I POSTED THIS AND IT IS A NOTE AT #62
A BRASS HILTED OFFICER'S SWORD, LATE 17TH/EARLY 18TH CENTURY with double edged blade retaining traces of a brief inscription within a short fuller and stamped with the running fox of Shotley Bridge on each side
(pitted), brass hilt comprising double shell-guard engraved with the owner's name 'Sir H, Liddell Bt', knuckle-guard, an additional pair of scrolling bars joining the knuckle-guard to the shell front and back, and spherical pommel (button chipped, quilon removed), and wooden grip with later copper wire binding, in an associated brass-mounted lather scabbard, the locket inscribed 'R.S.' on the front and with the maker's name
As is commonly mixed up with the fox/wolf;...This description comes with no picture of the weapon thus it is suspect as being confused between the two animals. I think the weapon is stamped with the Passau Wolf NOT
the fox. Clearly the wolf or running wolf which has several all stick like images of wolves was the Passau wolf famous on Solingen blades but reproduced in other schools of sword making excellence as a blade of quality mark. It is very different in structure to the running fox.

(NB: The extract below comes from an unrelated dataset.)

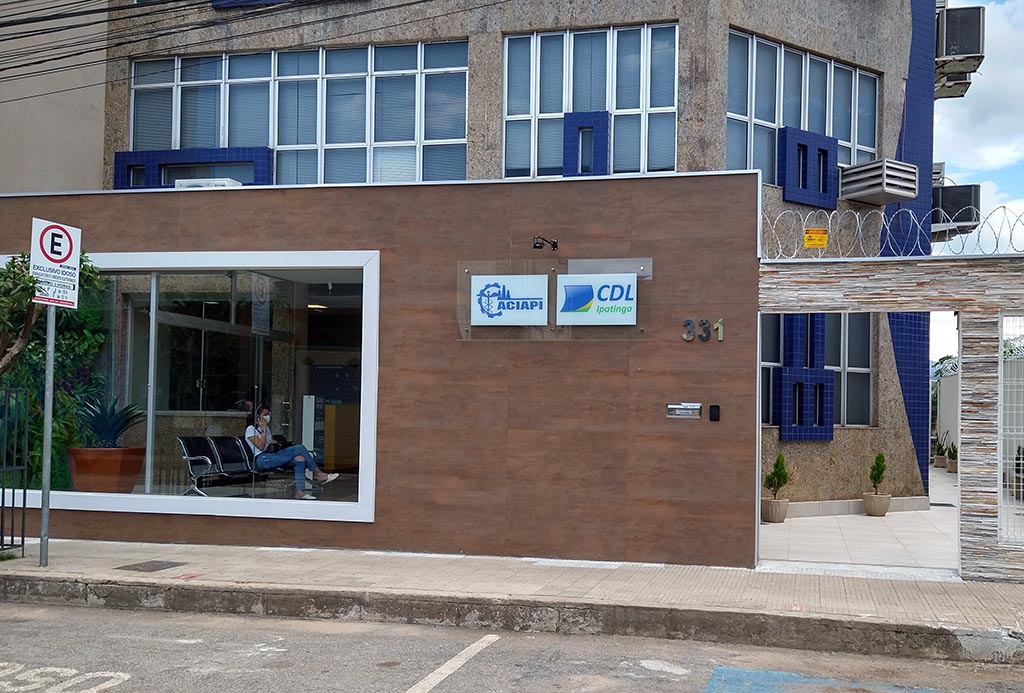 Aciapi e CDL de Ipatinga recebem doações para Santa Maria de Itabira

As will be seen ... The Running Fox was never done by Shotley Bridge
...whereas the Passau wolf was... After all many of the sword smiths there were originally from Solingen. It remains to be seen if Shotley was importing a load of blades regularly from Solingen if the Passau wolf marks were all done at Shotley Bridge or already on the blades when they arrived ...or both! If Shotley was not stamping the Fox who was? It would appear that Samuel Harvey is in the frame at Birmingham...anyone else?